“Data is the new code”. A phrase heard a lot in 2018 and I expect it to get a lot more attention in the future. Many companies use some form of content management system to help wrangle their information. Storing files and images to be retrieved later. Retrieval is typically based around a small amount of metadata, a user id, account number or email address. This means that the interesting “stuff’, the data remains trapped. Getting access to it is the first step to making use of something like machine learning or AI.

Cloud providers are now offering a range of tools that can be used to help free up the trapped information.

Amazon

AWS is continuing to expand its offerings in AL and machine learning. My example focuses on using AWS tools to gather the data.

Rekognition

This service provides image and video analysis. It can identify objects, people, text, scenes, and activities. This can be used to help categorize image data. Is this a picture of a vehicle, animal (puppy or kitten), person? As fun as it is to look at puppies and kittens you may not want to spend the day looking through thousands of images to find one of a firetruck. If the images are associated with other content such as PDF’s or emails then searching for an image associated with the content maybe be more efficient.

Elasticsearch

Elasticsearch offers text searching and indexing. With AWS it can be run on an EC2 instance or as a managed service. Depending on the use case ES could be indexing specific fields or large text files.

Support services

To support Rekognition and Elasticsearch one I used AWS core services. S3, Lambda and DynamoDB.

The diagram shows how I have laid out the pieces.

Since this effort is a POC I have kept it very simple. The process is as follows:

  1. User drops an image on S3

2. A trigger launches a lambda process

3. The process passes the image to Rekognition three times, labels, text and faces.

4. The results for each are stored in DynamoDB and indexed by Elasticsearch.
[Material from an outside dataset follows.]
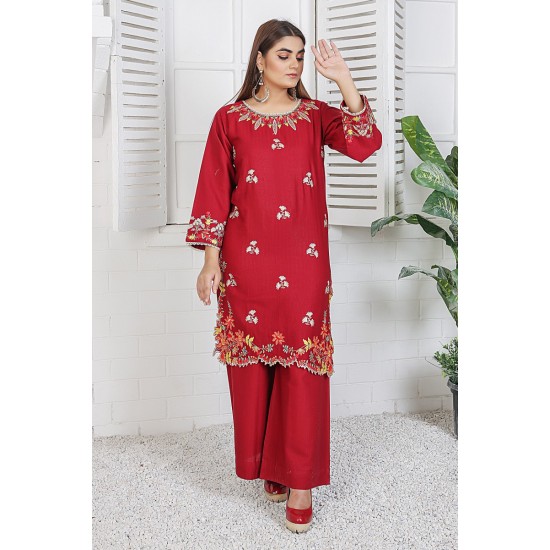 2 Piece Kurti Salwar Embroidery Set - Pure Cotton Collection Stylish Solid Color Light Weight Cotton Fabric Suit Top Bottom Salwar Kameez Indian Pakistani Embroidered Suit For Event Party Outdoor Dress - Maroon 2 Piece Kurti Salwar Embroidery Set - Pure Cotton Collection Stylish Solid Color Light Weight Cotton Fabric Suit Top Bottom Salwar Kameez Indian Pakistani Embroidered Suit For Event Party Outdoor Dress - Maroon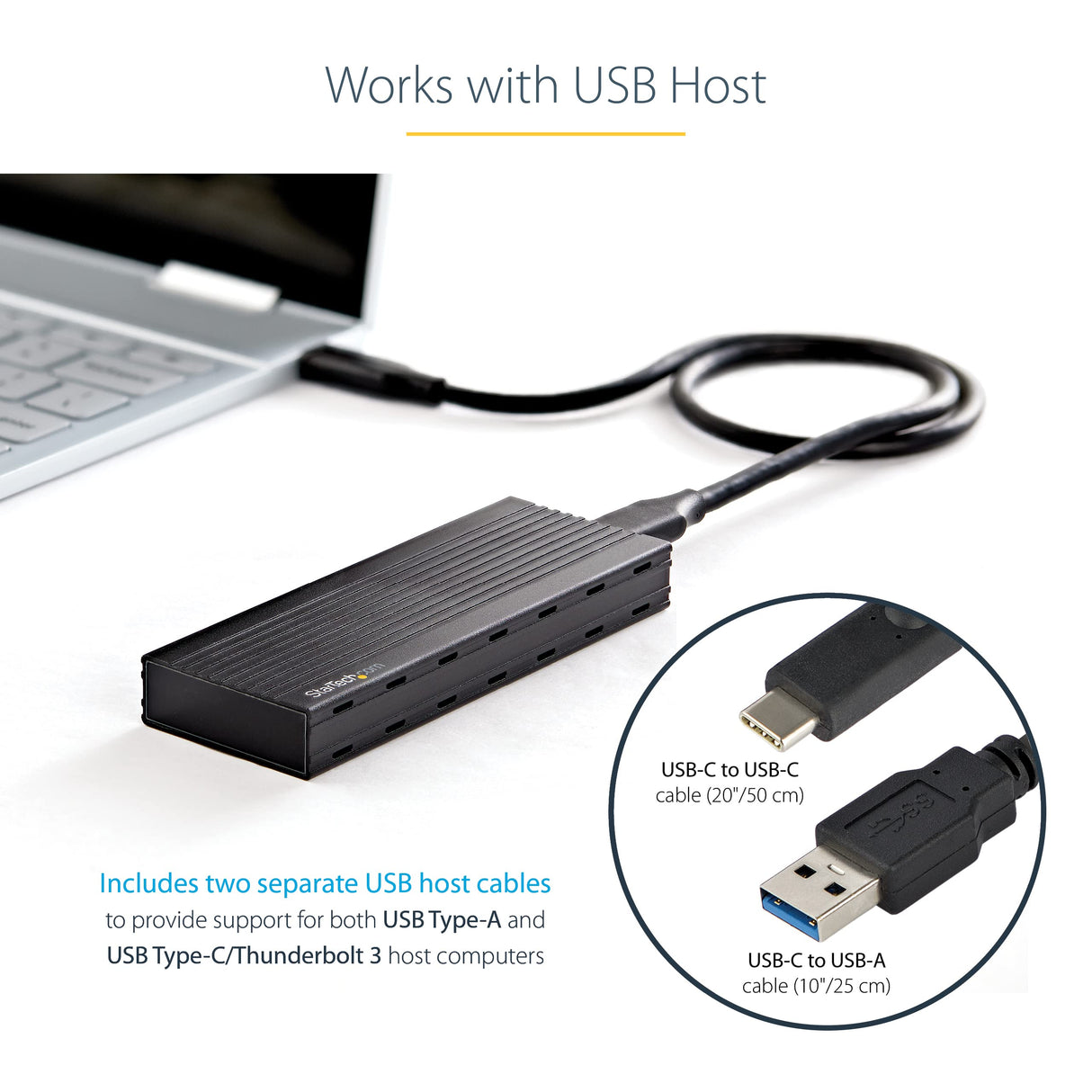 StarTech.com USB-C 10Gbps to M.2 NVMe or M.2 SATA SSD Enclosure -, W126322503 (M.2 SATA SSD Enclosure - Portable External M.2 PCIe/SATA NGFF SSD Aluminum Case - USB Type-C & USB-A)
This first process is one where images are added dynamically. But there are a lot of images already stored, for this I would use a background process triggered by Cloudwatch.

Storing feature data

Using DynamoDB provides a very secure way of storing the information. Should the need arise the data could be re-indexed from the database.

DynamoDB table
Features add to the database.

Labels for a kitten are:
 [ { “S” : “Animal” }, { “S” : “Mammal” }, { “S” : “Kitten” }, { “S” : “Cat” }, { “S” : “Pet” }]

Labels for a car are:

[ { “S” : “Transportation” }, { “S” : “Automobile” }, { “S” : “Car” }, { “S” : “Vehicle” }, { “S” : “Convertible” }, { “S” : “Tire” }, { “S” : “Machine” }, { “S” : “Spoke” }]

Text found in the car image is the license plate

[ { “S” : “NDV 9IF” }, { “S” : “NDV” }, { “S” : “9IF” }]

The item layout consists of a primary key, datetime and feature attributes, labels, detected text and detected faces. The primary key I used was a simple UUID. In a real implementation the key would be something like, user id, email…. This id would be associated with whatever other content was stored in the CMS.

Searching on the id is not likely to provide any improvement from the user’s point of view. Instead what they’d likely want is to search for “Car” or “Kitten” and get a list of relevant id’s. In order to achieve this the next step would be to create several Global Secondary Indexes, one for each feature type(face, label, or text).

Elasticsearch

An alternative to adding other indexes to the database is to index the feature data with Elasticsearch. This keeps the database simple and offers a way to perform a wider range of queries. I used Elasticsearch as an AWS managed service since it easy to set up. It may be that deploying ES in an EC2 environment may be a better long-term solution. It’s not clear how AWS manages ES plugins. Something to better understand.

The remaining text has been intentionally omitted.